The limiting case of the boxing approach would be a system kept in complete physical and informational isolation. Even if achievable, however, such an isolated system would be rather useless since it would have no effect on the external world. It might perhaps be thought that some scientific purpose could be served by creating a superintelligence and keeping it in isolation: by studying a self-contained model system, one could learn about its internal dynamics and its behavior patterns. But this would be an error. As soon as the system is observed, it ceases to be informationally isolated.
8
Information can be transmitted not only via messages that an AI sends out through a designated “output channel” but also via any observation an outsider makes of some causal consequence of the AI’s workings, direct or indirect—its power consumption, its CPU and memory usage, its computational states, or indeed any traces left behind after it has been shut down. An AI anticipating that it might be observed in any of these ways could strategically adopt behaviors designed to influence the hypothesized observers. For example, the AI could “malfunction” in whichever way would most increase the probability that it will ultimately be reactivated or that another superintelligence will be created with goals similar to its own.
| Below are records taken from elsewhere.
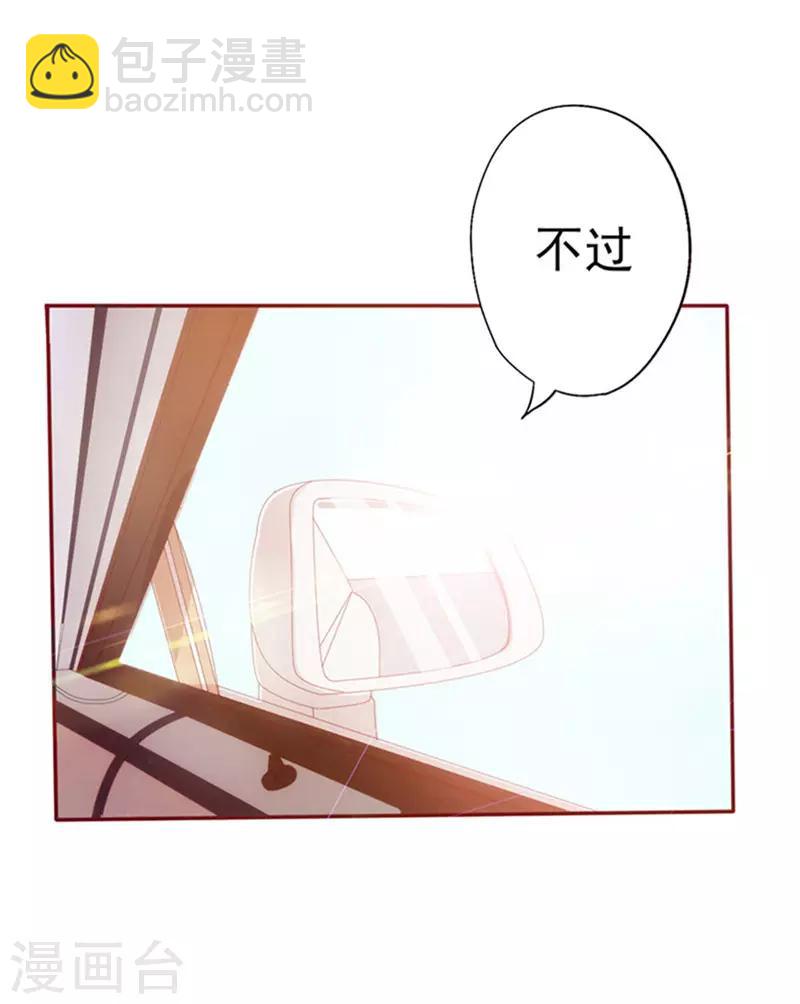 第5话 两男一女-第5话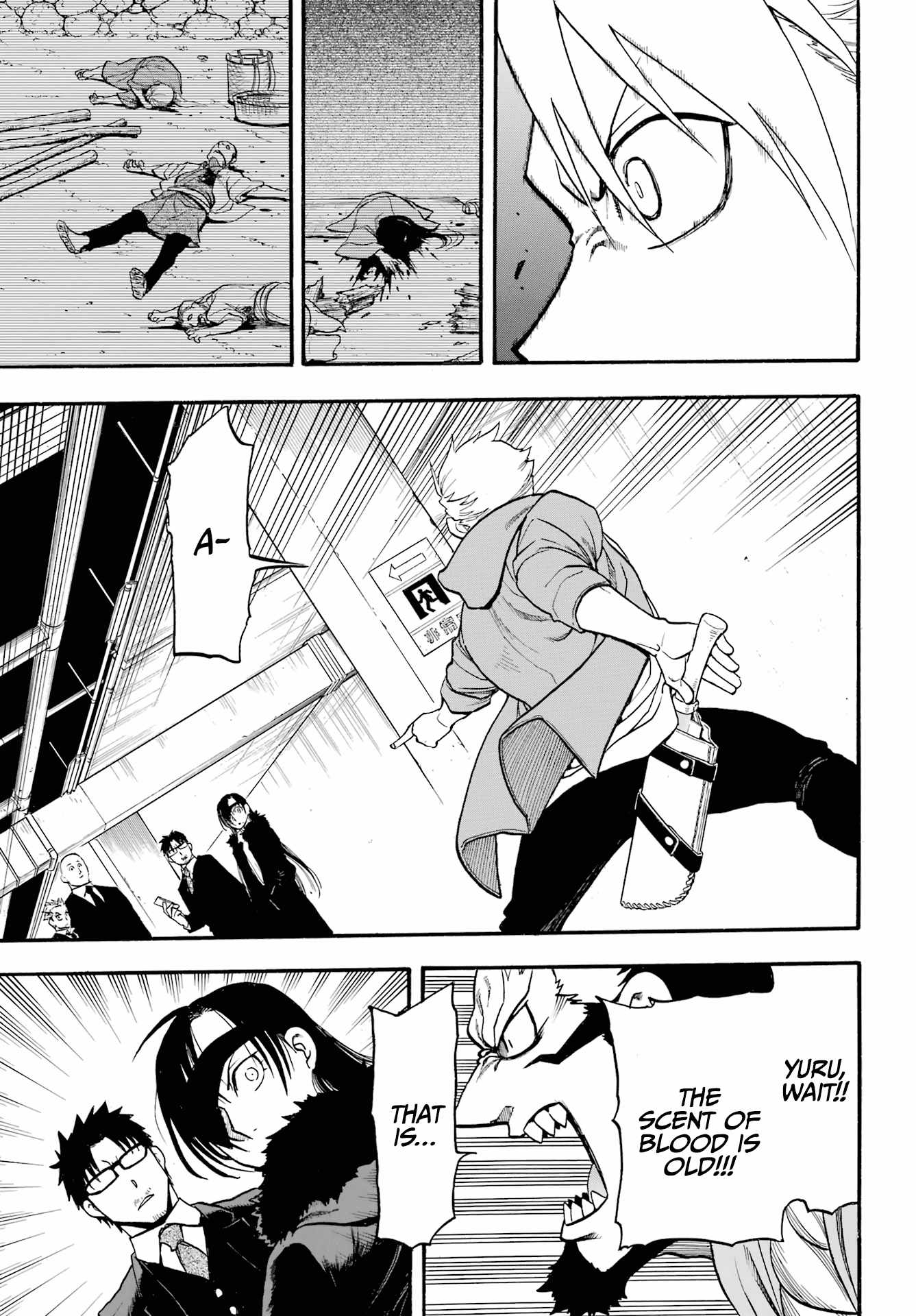Yomi no Tsugai Chapter 4 - Page 40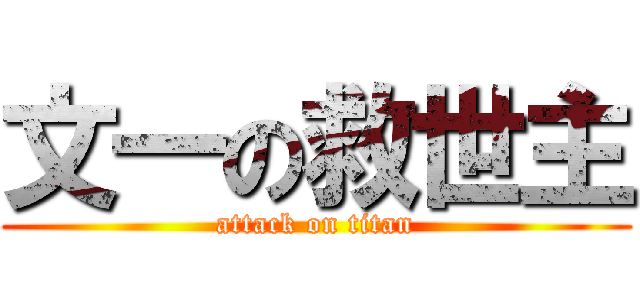 文一の救世主 (attack on titan)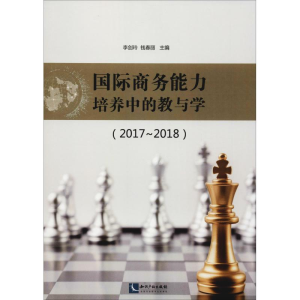[M]国际商务能力培养中的教与学(2017-2018)-9787513053860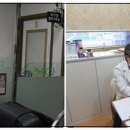 새생명내과의원 이미지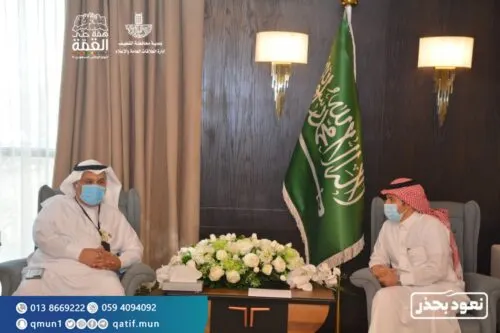 “صحة القطيف” تبحث تعزيز الشراكة المجتمعية مع البلدية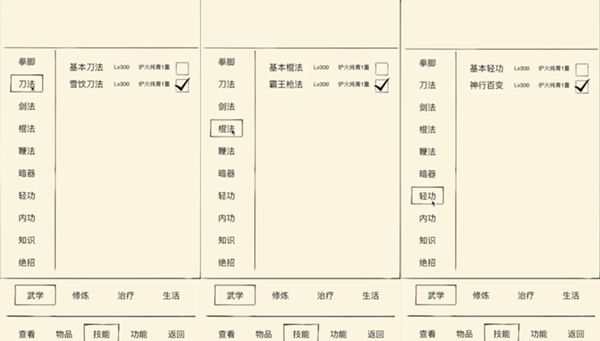 暴走英雄坛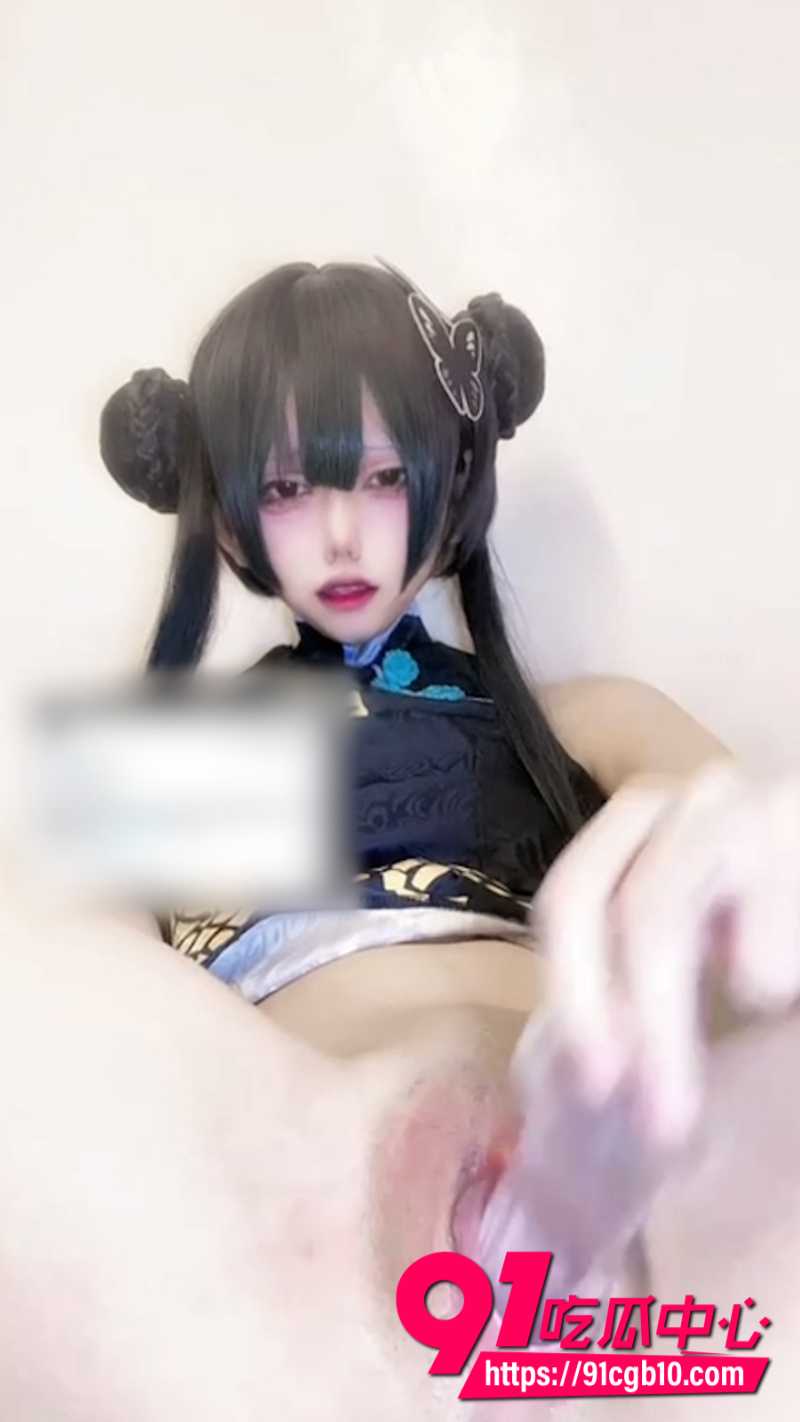 推特极品福利姬 凄 2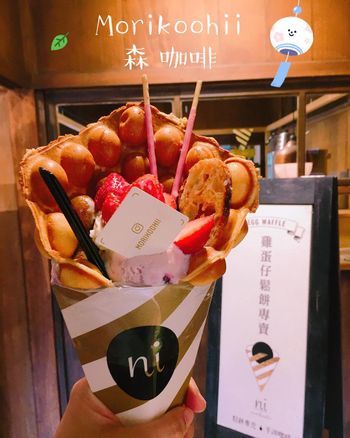 嘉義美食｜Morikoohii 森咖啡，檜意森活村裡的雞蛋仔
Incentive methods involve placing an agent in an environment where it finds instrumental reasons to act in ways that promote the principal’s interests.
Consider a billionaire who uses her fortune to set up a large charitable foundation. Once created, the foundation may be powerful—more powerful than most individuals, including its founder, who might have donated most of her wealth. To control the foundation, the founder lays down its purpose in articles of incorporation and bylaws, and appoints a board of directors sympathetic to her cause. These measures constitute a form of motivation selection, since they aim to shape foundation’s preferences. But even if such attempts to customize the organizational internals fail, the foundation’s behavior would remain circumscribed by its social and legal milieu. The foundation would have an incentive to obey the law, for example, lest it be shut down or fined. It would have an incentive to offer its employees acceptable pay and working conditions, and to satisfy external stakeholders. Whatever its final goals, the foundation thus has instrumental reasons to conform its behavior to various social norms.
Might one not hope that a machine superintelligence would likewise be hemmed in by the need to get along with the other actors with which it shares the stage? Though this might seem like a straightforward way of dealing with the control problem, it is not free of obstacles. In particular, it presupposes a balance of power: legal or economic sanctions cannot restrain an agent that has a decisive strategic advantage. Social integration can therefore not be relied upon as a control method in fast or medium takeoff scenarios that feature a winner-takes-all dynamic.